Les Brownlees n’attendent pas que tout le monde travaille. Ils essayent d’obtenir une synergie où sinon, ils s’en vont seuls. Ils refusent de laisser leur destin dans les mains des autres…

Un athlète régulier en ITU voudra ne pas puiser dans sa réserve en vélo et juste suivre la danse afin d’être en mesure de courir derrière. Contrairement aux meilleurs qui tentent d’avoir un niveau pour faire la différence, la distinction entre ceux qui ont régulièrement du succès dans le circuit est dans la capacité à courir un 10km à son meilleur potentiel après avoir effectué le vélo sans être obsédé par l’idée de vider la réserve.

La fausse croyance.

En série mondiale, on croit souvent qu’un athlète qui est en mesure de rester dans un peloton à forcement un niveau similaire. Pourtant rouler à l’avant n’est pas donné à tout le monde.

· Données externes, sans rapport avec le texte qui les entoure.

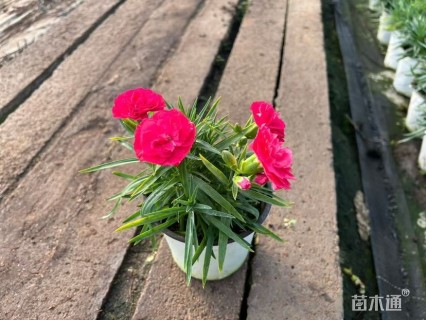 高度12厘米康乃馨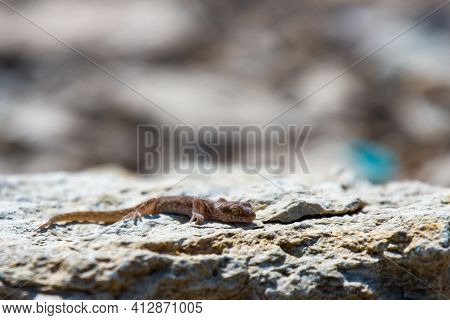 Even-fingered Gecko Genus Alcophyllex Or Squeaky Gecko In Wild Nature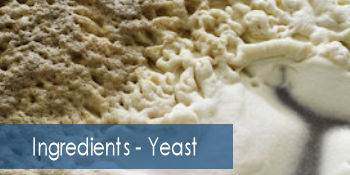 Ingredients - Yeast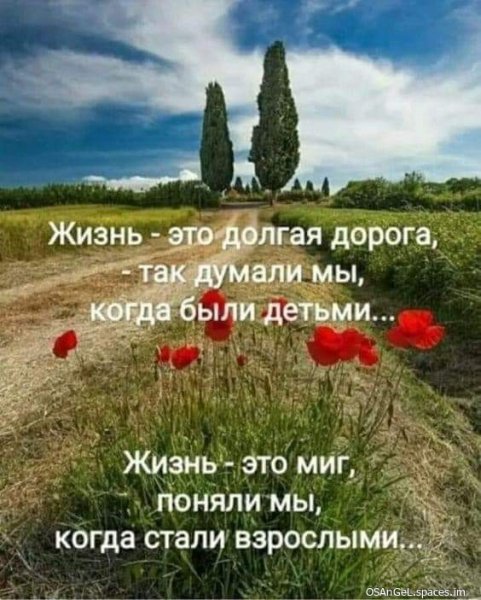 FB IMG 1695436889777-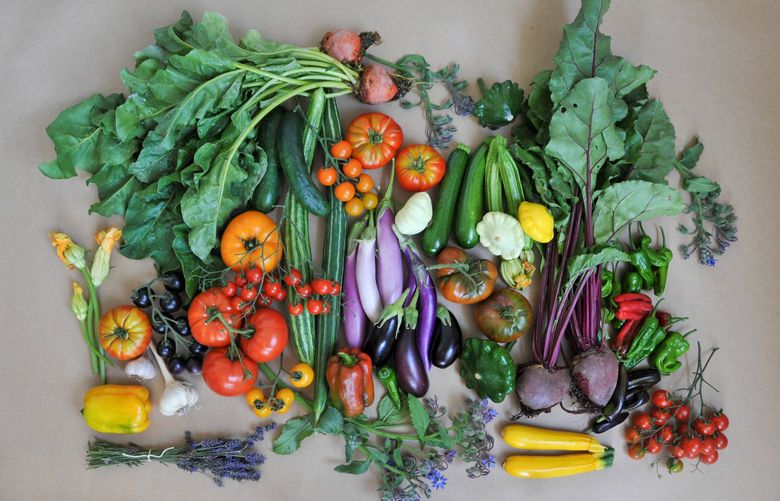Late-summer garden harvests are bountiful and diverse. Credit: Hilary Dahl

La peur de se faire avoir. 


Le triathlon moderne est devenu très stratégique. L’élite se pose beaucoup de questions et sa plus grosse crainte est de travailler pour les autres. Les athlètes n’ont pas toujours une grande connaissance de leurs adversaires. Ils peuvent aussi avoir l’impression erronée des points forts d’un athlète : par exemple, un grimpeur n’est pas forcément un bon rouleur; certains sont à l’aise sur des parcours sans changement de rythme, d’autres moins.

Cette méconnaissance explique pourquoi les récentes courses chez les juniors ou U23 ont toutes vu un retour de l’arrière. La peur de prendre un risque qui donnerait la victoire à un autre. Même phénomène dans les courses de coupe du monde. Avec des athlètes qui ont des profils moins connus, presque toutes les courses en 2014 se sont soldées par des entrées massives en T2.

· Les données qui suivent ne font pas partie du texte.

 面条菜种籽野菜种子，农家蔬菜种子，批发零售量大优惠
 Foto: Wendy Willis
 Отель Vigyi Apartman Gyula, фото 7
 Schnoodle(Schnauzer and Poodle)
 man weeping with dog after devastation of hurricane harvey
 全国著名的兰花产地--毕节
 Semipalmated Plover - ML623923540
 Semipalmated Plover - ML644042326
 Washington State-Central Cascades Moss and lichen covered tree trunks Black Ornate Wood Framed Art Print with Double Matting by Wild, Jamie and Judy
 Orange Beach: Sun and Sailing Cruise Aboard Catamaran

Dans cette situation, on peut expliquer la peur de la contre-performance. Avec l’importance du classement final, on voit de plus en plus d’athlètes s’assurer un classement et non prendre tous les risques pour gagner.

Une question de culture?

Un athlète étant généralement le produit d’un système fédéral, par leur ratio entre les 3 sports, elles ont inculqué indirectement une façon de courir. Russes, Espagnols, Néo-Zéalandais à quelques exceptions près, ont leurs propres façons de courir en fonction de l’importance donnée au sport à deux roues.

Le remède.

Les rares fois où les poursuivants sont revenus, c’est lorsque Tom Davison roulait sans rien demander. Si un homme est capable de revenir à lui seul sur les échappés, cela démontre bien l’importance d’une entente claire.

En fait, il existerait des opportunités afin de voir des athlètes très forts à vélo remplir des mandats. La raison qui empêche cette tactique est le fait qu’un athlète qui prendra le départ se doit de marquer assez de points à chaque course pour rester dans la série mondiale.

Et l’avenir ?


On espère qu’il y aura une certaine prise de conscience chez les athlètes à cause de cette peur de travailler pour l’autre. Les « domestiques » en triathlon sont en train de devenir un concept valable mais les exigences pour développer ce type de tactique n’est pas véritablement viable. On a récemment vu Gwen Jorgensen obtenir l’aide de Sarah Haskins lors de la Grande Finale. La spécialiste du triathlon sans drafting a tout donné à vélo et n’a même pas couru son 10km. Réduisant l’écart sur le groupe de tête, Jorgensen a pu obtenir la victoire qui l’aurait échappée sans l’aide de Sarah Haskins. Cela prouve que comme dans le cyclisme, lorsqu’une direction est claire et qu’il n’y a pas de coopération possible avec d’autres, les athlètes reprennent le contrôle de leur destinée.